La ricerca presentata a Marrakesh da Serafini parla espressamente di oliveti coltivati con metodi tradizionali. In pratica i nostri oliveti, la gran parte dei quali abbandonati che sarebbero da recuperare e da arricchire con altri oliveti, soprattutto nelle aree interne, per avere più olio di qualità legato alla biodiversità; rilanciare l’agricoltura e, con essa, il territorio e quella straordinaria risorsa che è il nostro ricco patrimonio di piccoli centri, borghi d’eccellenza, contenitori si storia, cultura, arte, tradizioni, cibo, paesaggi e ambienti.

Una politica che guarda e parte dal territorio e non dai bisogni dell’industria, della grande distribuzione, delle multinazionali o della criminalità organizzata, e lo fa con una puntuale programmazione e progettualità. La sola politica che ha tutte le possibilità di bloccare un processo che rischia il non ritorno, qual è quello dell’abbandono del territorio e della sua destinazione ad altro che non è l’agricoltura.

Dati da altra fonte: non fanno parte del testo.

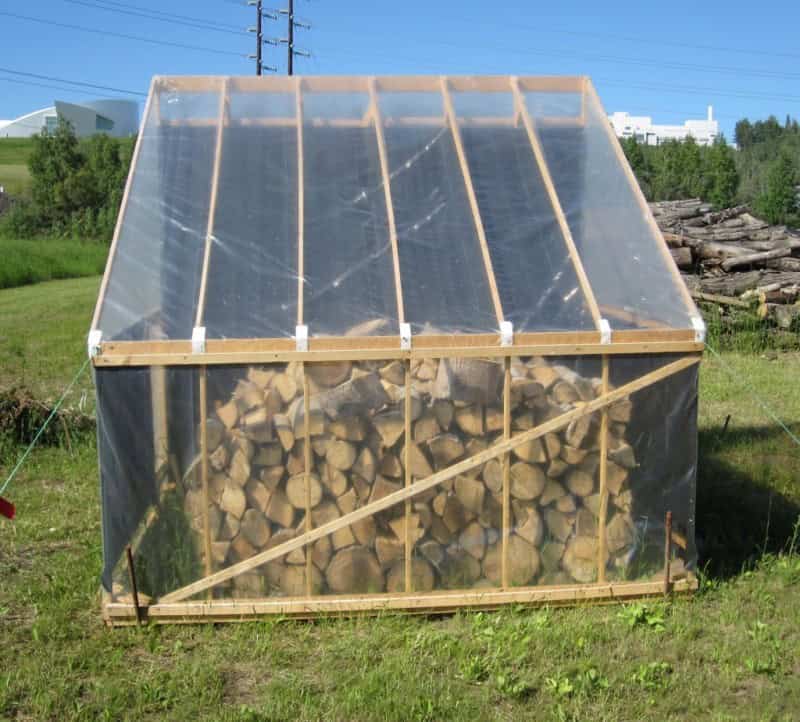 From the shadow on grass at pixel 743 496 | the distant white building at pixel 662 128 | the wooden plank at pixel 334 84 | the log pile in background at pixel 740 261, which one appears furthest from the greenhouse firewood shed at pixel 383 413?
the distant white building at pixel 662 128

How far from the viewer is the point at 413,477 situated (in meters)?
4.82

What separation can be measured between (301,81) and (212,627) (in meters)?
3.71

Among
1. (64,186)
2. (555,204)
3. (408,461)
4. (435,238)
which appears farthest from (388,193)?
(64,186)

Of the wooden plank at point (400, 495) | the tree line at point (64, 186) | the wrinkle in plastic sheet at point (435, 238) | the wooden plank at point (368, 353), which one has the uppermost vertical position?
the tree line at point (64, 186)

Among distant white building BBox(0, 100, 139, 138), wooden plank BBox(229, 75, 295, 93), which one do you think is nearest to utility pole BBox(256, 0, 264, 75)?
wooden plank BBox(229, 75, 295, 93)

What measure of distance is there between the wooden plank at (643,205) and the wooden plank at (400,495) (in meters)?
0.66

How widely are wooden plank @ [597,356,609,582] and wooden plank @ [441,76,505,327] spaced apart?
2.11ft

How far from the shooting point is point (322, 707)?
403 centimetres

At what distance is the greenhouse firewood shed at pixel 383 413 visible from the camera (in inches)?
184

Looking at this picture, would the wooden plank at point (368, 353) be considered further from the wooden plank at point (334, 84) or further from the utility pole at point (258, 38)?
the utility pole at point (258, 38)

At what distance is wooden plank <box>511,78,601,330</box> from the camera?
5.00 meters

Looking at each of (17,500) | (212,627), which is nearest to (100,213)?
(17,500)

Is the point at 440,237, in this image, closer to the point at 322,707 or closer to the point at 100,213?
the point at 322,707

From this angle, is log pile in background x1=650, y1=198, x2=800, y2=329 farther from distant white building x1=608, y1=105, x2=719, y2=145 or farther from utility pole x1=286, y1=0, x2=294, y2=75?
distant white building x1=608, y1=105, x2=719, y2=145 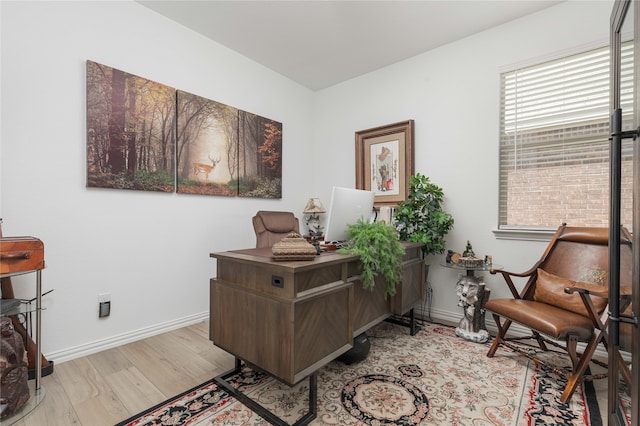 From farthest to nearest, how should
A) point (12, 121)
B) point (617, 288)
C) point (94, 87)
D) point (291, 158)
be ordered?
point (291, 158) → point (94, 87) → point (12, 121) → point (617, 288)

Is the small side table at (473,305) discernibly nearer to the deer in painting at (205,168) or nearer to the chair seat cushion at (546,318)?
the chair seat cushion at (546,318)

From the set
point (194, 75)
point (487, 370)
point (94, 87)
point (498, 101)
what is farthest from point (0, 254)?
point (498, 101)

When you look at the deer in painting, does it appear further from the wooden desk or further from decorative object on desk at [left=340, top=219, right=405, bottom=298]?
decorative object on desk at [left=340, top=219, right=405, bottom=298]

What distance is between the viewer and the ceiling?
8.46 ft

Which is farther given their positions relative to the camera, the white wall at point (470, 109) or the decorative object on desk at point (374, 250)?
the white wall at point (470, 109)

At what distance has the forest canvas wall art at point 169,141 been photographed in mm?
2350

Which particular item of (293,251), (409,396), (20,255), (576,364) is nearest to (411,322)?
(409,396)

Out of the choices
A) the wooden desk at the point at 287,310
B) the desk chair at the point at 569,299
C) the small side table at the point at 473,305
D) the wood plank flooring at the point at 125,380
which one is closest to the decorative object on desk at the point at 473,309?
the small side table at the point at 473,305

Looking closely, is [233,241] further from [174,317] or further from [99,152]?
[99,152]

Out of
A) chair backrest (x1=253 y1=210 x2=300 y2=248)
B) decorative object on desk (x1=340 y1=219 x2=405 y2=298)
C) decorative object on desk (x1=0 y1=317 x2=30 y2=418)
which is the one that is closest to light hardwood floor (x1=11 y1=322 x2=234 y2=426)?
decorative object on desk (x1=0 y1=317 x2=30 y2=418)

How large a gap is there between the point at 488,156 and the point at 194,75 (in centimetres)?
312

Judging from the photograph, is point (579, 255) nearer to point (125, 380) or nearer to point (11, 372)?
point (125, 380)

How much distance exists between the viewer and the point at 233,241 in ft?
11.0

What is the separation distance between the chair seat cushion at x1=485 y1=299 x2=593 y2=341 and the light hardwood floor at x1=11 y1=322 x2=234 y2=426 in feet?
6.91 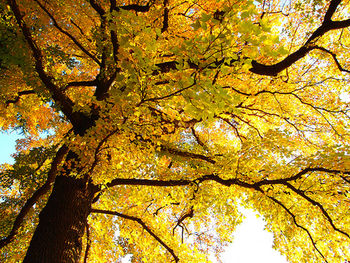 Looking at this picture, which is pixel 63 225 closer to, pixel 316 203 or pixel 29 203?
pixel 29 203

Bisogna partire da queste ed altre riflessioni prima di dare il via libera a un piano olivicolo contrassegnato da oliveti superintensivi pensati e voluti dai padroni della politica olivicola italiana, gli spagnoli, da qualche anno proprietari delle nostre più grandi e blasonate industrie olearie e quelli che hanno in mano i brevetti che fanno riferimento a tre varietà di olivo della Spagna e una della Grecia.

Un processo da poco iniziato e che vede il pieno coinvolgimento delle istituzioni ai vari livelli, le stesse unioni di associazioni degli olivicoltori, le università.

Un mondo di operatori che pensa, come del resto è stato per altre colture nel passato, solo alla quantità che un oliveto superintensivo riesce a produrre in zone di pianura e media collina e non alle conseguenze di una scelta, per me avventata e pericolosa, che allarga la spaccatura tra avvantaggiate aree e svantaggiate, Nord e Sud; mette a rischio quell’immenso e prezioso patrimonio di biodiversità; non coglie il grande valore della cultura e della diversità, fondamentali per aprire e conquistare i mercati. E non basta, il vantaggio di porre l’olio extravergine di oliva prodotto, Dop o Igp, monovarietale e biologico, sugli scaffali più alti di un punto vendita, quelli che sanno dare la migliore risposta al bisogno di reddito dell’olivicoltore e riescono meglio a diffondere, promuovere e valorizzare il prodotto.

Fermarsi prima che sia troppo tardi è - in questa fase di crisi della nostra agricoltura e della sua olivicoltura; furto di territorio e, anche, di abbandono; grandi potenzialità per l’olio extravergine di oliva con la crescita della domanda – un segno importante di consapevolezza e responsabilità.